Advanced gallium nitride high electron mobility transistors for biosensing applications: Progress, challenges, and future perspectives

Abstract

GaN High Electron Mobility Transistors represent a breakthrough technology for biosensing applications, offering exceptional sensitivity through their unique two-dimensional electron gas channel positioned close to the sensing surface. This comprehensive review provides the first systematic analysis of the complete GaN HEMT biosensor ecosystem, distinguishing itself from previous reviews through: (i) Comprehensive coverage of emerging architectural innovations including novel heterostructures, dimensional variants, and advanced gate engineering approaches; (ii) Detailed analysis of MOS-HEMT configurations and their superior performance in physiological media; and (iii) Critical assessment of commercialization challenges and practical implementation strategies. The fundamental advantage of GaN HEMTs lies in their ability to detect minute charge variations from biomolecular interactions with detection limits reaching attomolar concentrations, enabled by the 2DEG channel's proximity (20–30 nm) to the sensing surface. The review systematically examines device architectures ranging from conventional AlGaN/GaN structures to advanced MOS-HEMT designs with dielectric layers that provide 2–3× sensitivity enhancement while improving stability in high ionic strength media. Novel heterostructures including InAlN/GaN systems and N-polar configurations offer up to 4× sensitivity improvements compared to conventional designs. Different gate engineering approaches are analyzed, encompassing dual-gate architectures for differential sensing, recessed designs for enhanced control, and extended-gate configurations for harsh environments.

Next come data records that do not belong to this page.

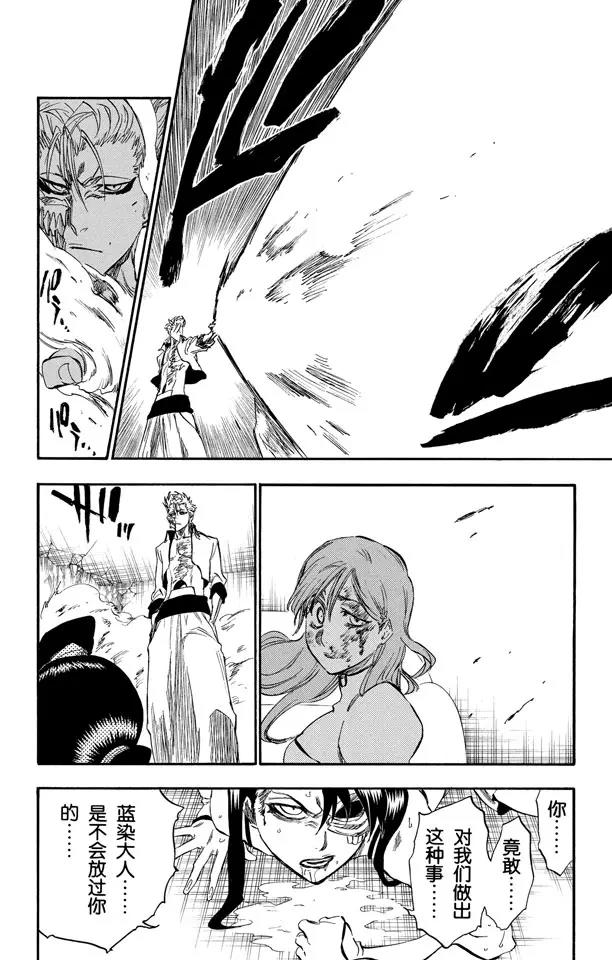 第273话 狗咬狗5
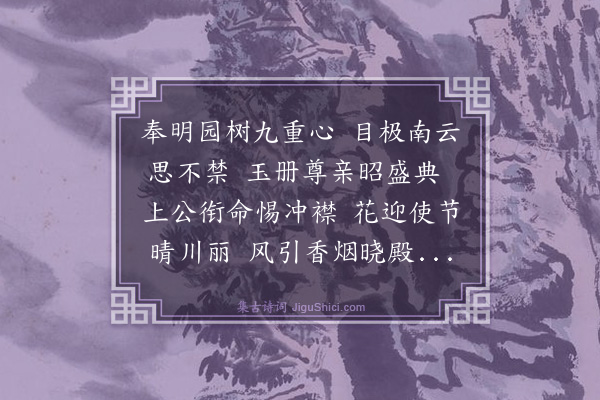 罗钦顺《成国朱公奉使安陆恭上兴献帝册宝》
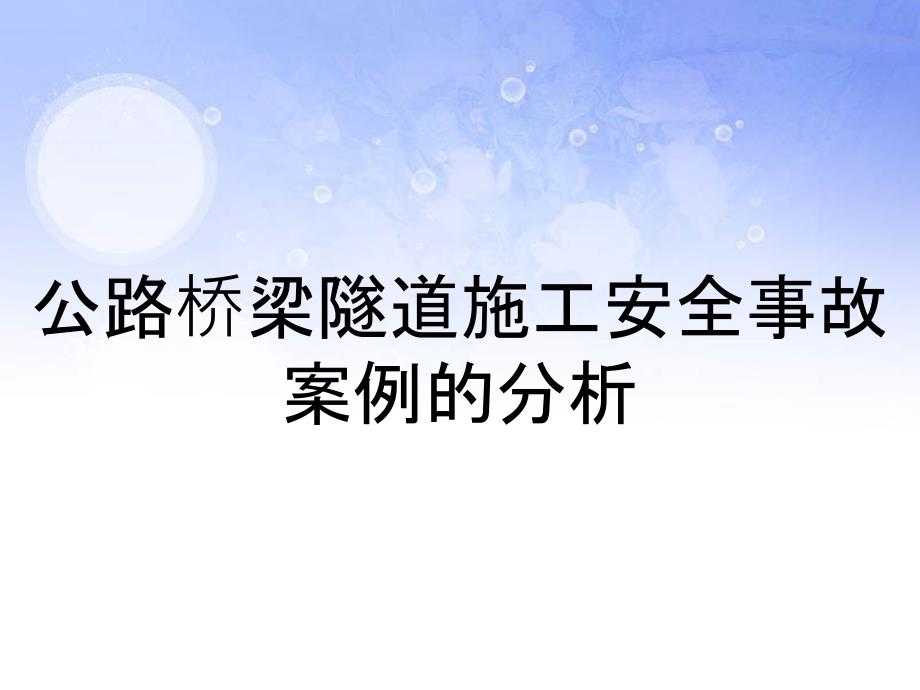 公路桥梁隧道施工安全事故案例的分析_第1页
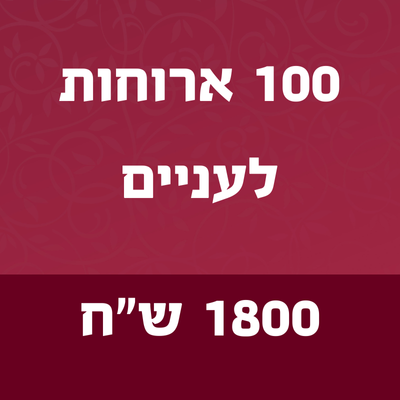 100 ארוחות לעניים - 1800 ₪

This review uniquely addresses the critical interface between device physics and practical biosensing through comprehensive analysis of surface functionalization strategies, charge screening mitigation techniques, and biocompatibility considerations. Current limitations including signal drift (0.1–2.0 mV/h), selectivity challenges in complex biological matrices, and manufacturing reproducibility (5–15 % coefficient of variation) are critically evaluated alongside emerging solutions involving differential measurements, anti-fouling surface modifications, and machine learning algorithms. Future developments focus on transformative trends not comprehensively covered in previous reviews: self-powered sensors with integrated energy harvesting, multi-modal detection platforms combining optical and electrochemical sensing, IoT-connected monitoring networks for population-level healthcare, and expanding environmental monitoring applications. These advances position GaN HEMT biosensors as enabling technologies for next-generation healthcare diagnostics, environmental monitoring, and smart sensing ecosystems.